Wednesday, April 17, 2019

Can Cable Win, Long Term, Without Mobility?

Cable execs keep stressing they are communications companies--and arguably leading companies--rather than video entertainment distributors. But it might be hard to do that, long term, without a key position in mobility, which drives the bulk of revenue in the U.S. communications business, unless an alternative international growth strategy is the alternative.

The Sky purchase, though increasing Comcast exposure to video distribution, might suggest the early focus.

The issue for Comcast, as for some other firms, is whether a “fixed network only” or “mobile only” strategy is sustainable.

To be sure, cable companies are positioned to take market share in business services and consumer broadband. In fact, the whole growth story for cable companies in communications is “taking market share” from telcos faster than video revenue is lost.

But the bucket is leaking. Cable has to add new revenues simply to replace lost video revenues. Net growth beyond that replacement is the issue.

SNL Kagan forecasts residential cable industry revenues will rise from $108.38 billion in 2016 to $117.7 billion in 2026, a $9.32 billion increase over the 10-year period, even as video revenues shrink.

Commercial services revenues will push total industry revenue from $130.57 billion to $140.99 billion, a $10.42 billion increase, SNL Kagan suggests.

That forecast assumes consumer broadband subscriptions grow by more than eight million over the next 10 years, largely by market share gains at the expense of telcos. That is why fixed wireless and 5G mobile substitution are such a big potential change for telcos. If 5G reduces share losses to cable TV, the consumer revenue growth estimate for cable is too high.

The SNL Kagan forecast also is sensitive to the rate of linear video subscription losses. Basic video subscriptions are projected to drop by an annual compounded growth (CAGR) rate of 1.5 percent to 45.4 million by 2026. Accelerated losses, which most likely expect, will damage the overall growth forecast as well.

SNL Kagan anticipates total revenues generated from residential video services to fall at a CAGR of -0.5 percent over the next 10 years, totalling $55 billion annually in 2026. Again, that could be overly optimistic.

Advertising revenue is expected to grow at a 4.3% CAGR through 2026 to reach $6.3 billion, but is not a big enough contributor to offset bigger losses in the core services areas.

So the strategic issue is whether the cable industry can sustain a position at the top of service provider rankings without serious mobile revenues and profits, even if taking market share in enterprise and business markets will help.

That might be likened to the position CenturyLink finds itself in: it already earns more than 76 percent of total revenues from enterprise customers on its global networks and metro enterprise services.  

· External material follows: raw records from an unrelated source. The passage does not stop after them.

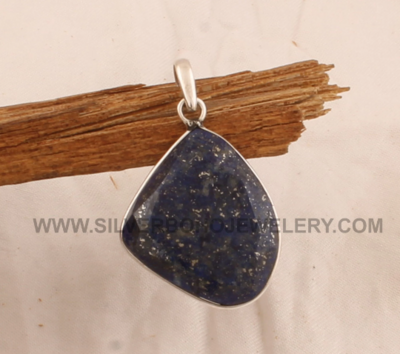 Natural Lapis Lazuli Pendant Necklace - 925 Sterling Silver Necklace - Solid Silver Bezel Set Fancy Necklace - Handmade Necklace For Women
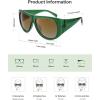 imageSOJOS Vintage Retro Oversized Big Aviator Polarized Sunglasses Womens Men SJ2615Green Frame Brown Grading Lens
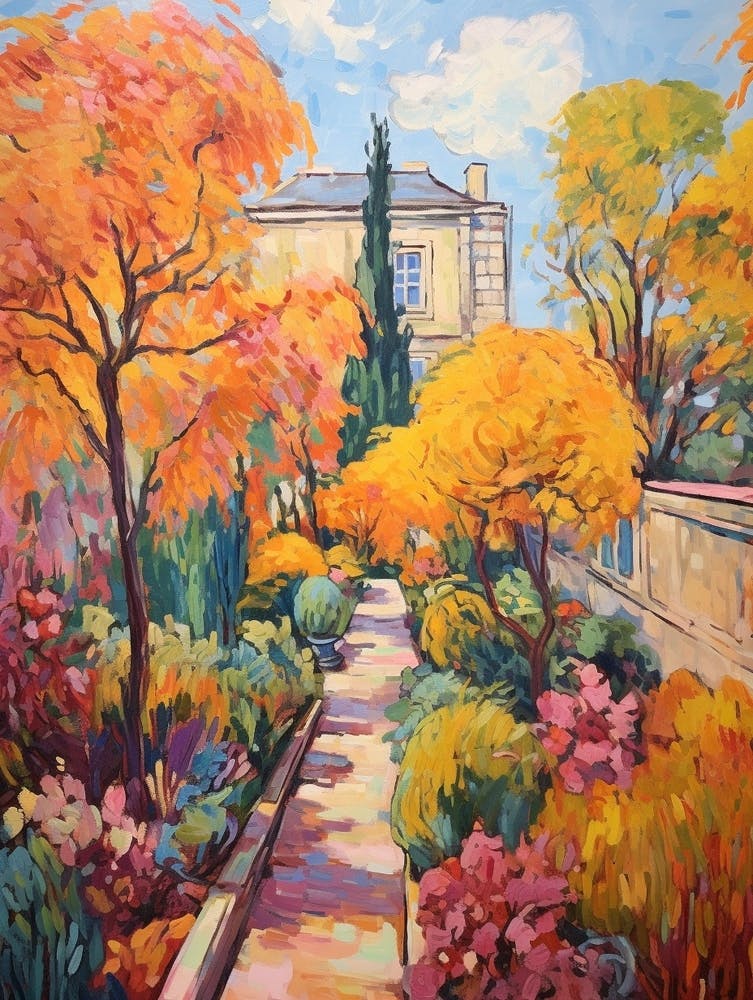 Autumn Gardens Painting Giardini Botanici Villa Taranto Italy 1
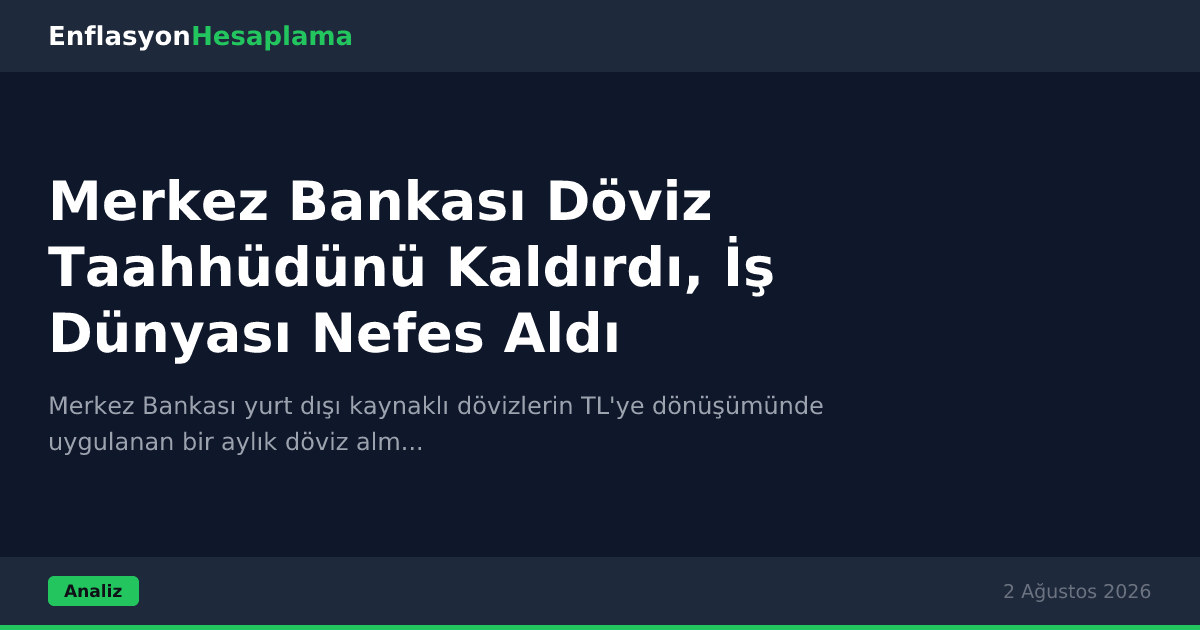 Merkez Bankası Döviz Taahhüdünü Kaldırdı, İş Dünyası Nefes Aldı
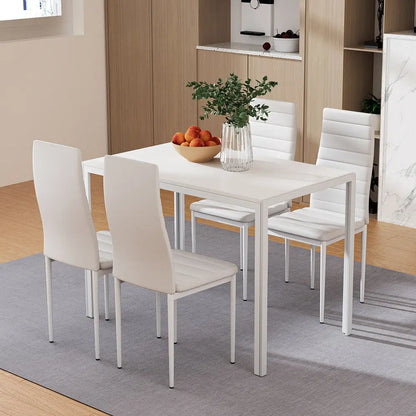 Dining Chairs and Table Set 4 Chair of 5 White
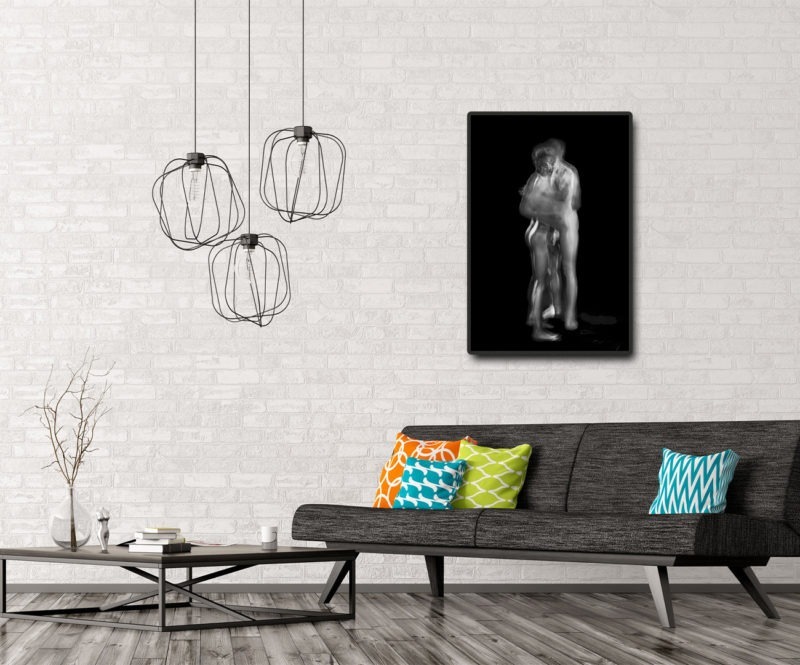 black and white photograph of naked couple by photographer alain schwarzstein on sale in the store of the gallery22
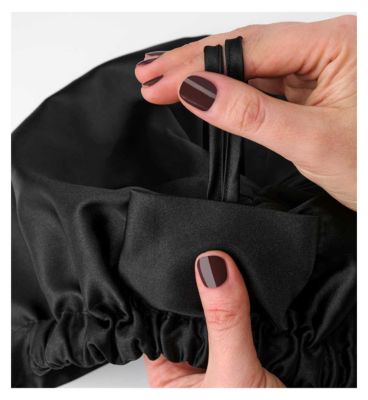Silver Cloud Satin Hair Wrap Black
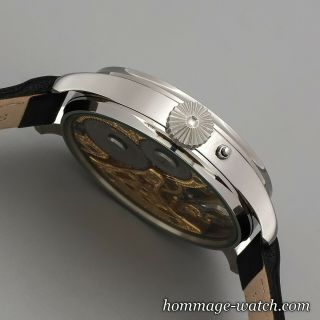 OMEGA movement SWISS Silver Dial Hand Engraving Skeleton Rare Wrist Watch 48 mm 10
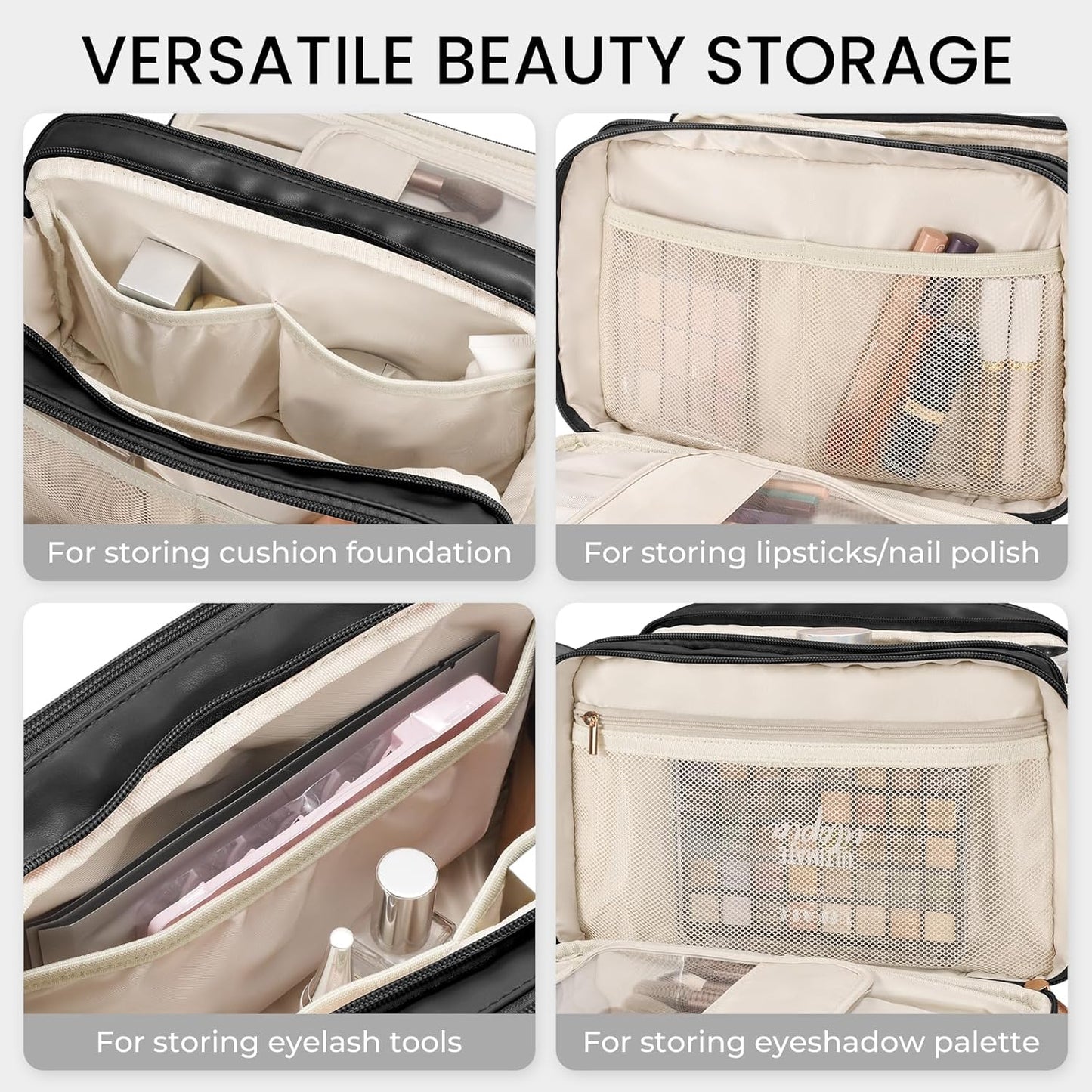 Travel Makeup Bag - Large Capacity Waterproof Organizer | Vertical Free-Standing Design, Easy Access - Black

Its entire national footprint of mass market customers is essentially a drag on company profitability.


Mobile remains the growth engine globally, but the relative scale and importance of the mobile, fixed broadband, and entertainment TV  markets varies hugely by country and region. In 2021, the mobile market will generate 87 percent of total connectivity and video revenues in Africa and 70 percent in the Middle East, compared to 50 percent in North America and 49 percent in Western Europe, according to Informa Ovum. The differences stem largely from revenues generated from fixed networks.

Cable dominates consumer broadband, has a strong, if declining video business and is growing its share of commercial revenues. But the other leading incumbents are fighting for their lives as well, and will not easily yield market share in voice and data, least of all AT&T and Verizon, which appear to be holding their own in consumer internet access share, for example, while most of the telco industry losses come from smaller providers relying mostly on digital subscriber line for internet access.

Almost without exception, such providers also have no mobile exposure. How long such firms can compete against cable, which arguably offers better value for consumers, is an open question.

Conversely, cable can compete against weaker telcos without mobile assets quite well. Whether cable can challenge AT&T and Verizon, though, is a bigger question at the moment, so long as no clear mobile strategy at scale.